Duravia est une marque de vélos créée par Charles Dupont à Lille en 1950. Les modèles présentés sur le catalogue de cette marque s’inscrivaient dans la lignée des constructions en alu ou en duralumin comme celles de Meca Dural, Barralumin, Caminargent, Gnome et Rhône, Aviac, … Le nom de cette marque Duravia est dérivé de DURal AVIAtion, car les cadres de ses vélos sont en alliage d’aluminium. Un de ses modèles était presque identique au Meca Dural de 1946 construit par Mercier.
À cette époque, les artisans et constructeurs de l’industrie du cycle, comme ceux de l’automobile, étaient très inspirés par les progrès réalisés dans le domaine de l’aviation. La quête au gain de poids passait par l’adoption des dérivés de l’aluminium. Par soudure ou par montage mécanique, ces entreprises se sont misent à construire des cadres et des accessoires légers : pédaliers, gardes-boues, jantes, …
Ces productions ont traversé le temps pour faire le bonheur des collecteurs, amoureux du design intemporel de ces oeuvres artisanales … Emmanuel est de ceux là. Âgé de 51 ans, il vit dans la région Ouest, où il restaure des vélos anciens, par passion et par amour de la mécanique. Il aime les configurer comme un enfant qui construit un Lego ! Il achète souvent des cadres laissés pour compte dans une remise ou des vélos qui ont subi au fil du temps des modernisations anachroniques, qu’il lui faut supprimer pour remettre le vélo dans la bonne époque.
Une belle rencontre
C’est grâce à Hugues Grenon que nous avons découvert le travail de cet « artiste » de la restauration. Emmanuel est un orfèvre, il pousse le soin jusqu’à refaire le pas de vis des visseries anciennes « Pas question que je monte du BTR ou des vis en inox sur ces vélos en dural …», dit-il … Il faut savoir qu’Emmanuel ne fait pas ce travail pour en tirer profit, mais uniquement par l’amour de ces objets que sont ces vélos anciens, dont la date de naissance va de 1940 à 1960. Il ne perd pas son temps à trainer sur les réseaux sociaux pour publier sur Facebook ou Instagram des photos de ses oeuvres. Son plaisir est d’être dans son atelier à démonter, comprendre, polir, restaurer, … redonner vie à ces vielles mécaniques.
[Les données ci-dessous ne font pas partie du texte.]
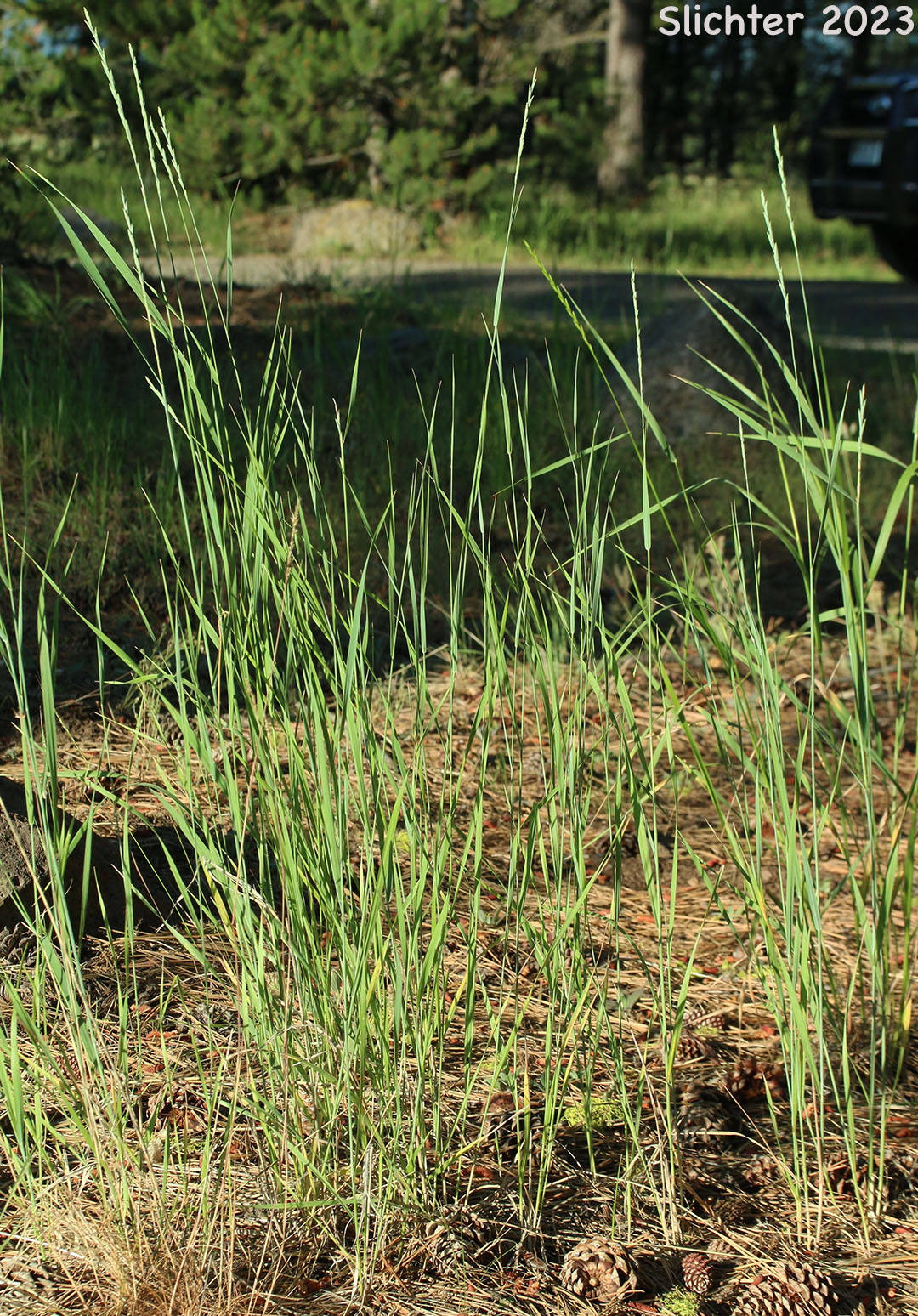 Creeping Wildrye, Quackgrass: Elymus repens (Synonyms: Agropyron caesium, Agropyron repens, Agropyron repens var. subulatum, Elytrigia repens, Elytrigia repens var. repens, Elytrigia repens var. vaillantiana, Elytrigia vaillantiana, Triticum repens, Triticum vaillantianum)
Son travail est intimiste et le résultat est réservé à un cercle d’amis ou de passionnés comme lui avec lesquels il échange des « trucs et astuces » pour remettre en état ces vieillards à deux roues.
Revenons à DURAVIA
C’est la dernière restauration d’Emmanuel, un demi-course DURAVIA qui m’a persuadé qu’il fallait partager plus largement le travail qu’il réalise dans son atelier. Ce vélo est sublime … J’ai déjà rencontré de nombreux collectionneurs, mais jamais quelqu’un comme lui qui s’acharne à redonner une âme au vélo qu’il restaure, allant même à le sublimer en le rendant plus beau qu’il ne l’était à l’origine, tout en gardant au maximum l’authenticité des éléments qui le constitue. C’est le cas de ce demi-course Luxe modèle 203, acheté sur Le Bon Coin.
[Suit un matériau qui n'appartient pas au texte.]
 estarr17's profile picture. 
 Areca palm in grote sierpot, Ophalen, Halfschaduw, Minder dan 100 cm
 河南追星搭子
Mais laissons Emmanuel nous parler de ce vélo …
J’ai toujours trouvé que les Duravia en duralumin des années 50 avaient des accessoires qui n’étaient pas à la hauteur de la qualité de leur super cadre, tout en duralumin, sauf la fourche.
En effet, les quelques centaines de grammes gagnés grâce au cadre, se trouvent vite perdus à cause d’accessoires en acier (cintre, étriers de freins, jantes, moyeux, supports de porte-bagages, tube de selle, chariot de selle, sonnette, pédalier, pédales…). Mon idée a donc été, pendant la restauration, de remplacer ces pièces populaires par des options d’époque, plus légères et élégantes.
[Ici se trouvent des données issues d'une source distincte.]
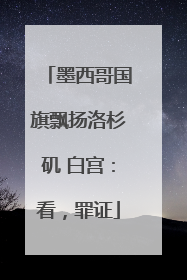 墨西哥国旗飘扬洛杉矶 白宫：看，罪证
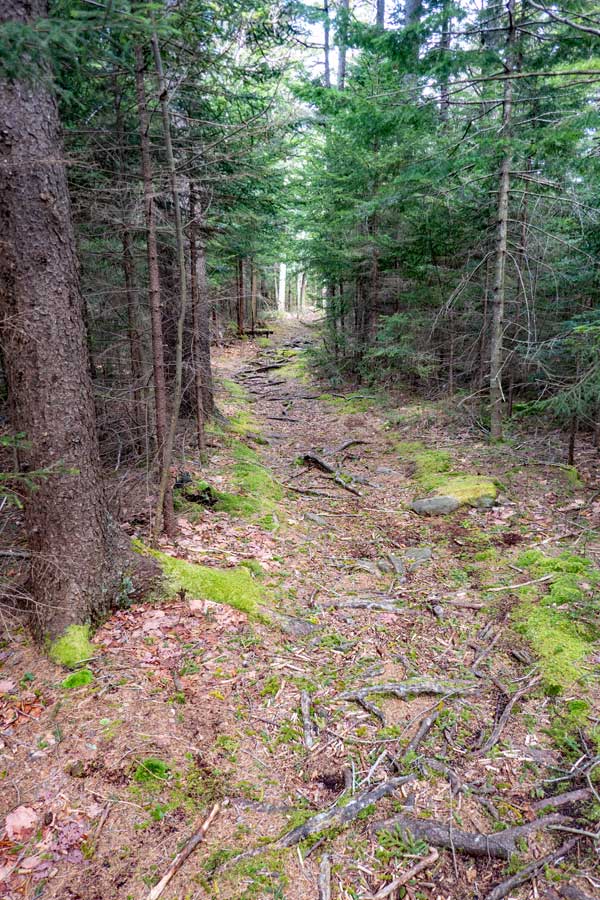 Conifer forest around 3,000 feet as you approach the final climb to Kaaterskill High Peak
Exit donc le dérailleur cyclo, remplacé par un Simplex Grand Prix en dural 4 vitesses, ajout d’un dérailleur avant Le Cyclo, double plateaux Rosa sur manivelles Stronglight, avec des pédales Lyotard en duralumin. Cintre et potence en duralumin, leviers de frein Mafac (avec demi-cocottes neuves d’époque !), sonnette en alu, étriers IAM demi ballon en duralumin, tige de selle en alu.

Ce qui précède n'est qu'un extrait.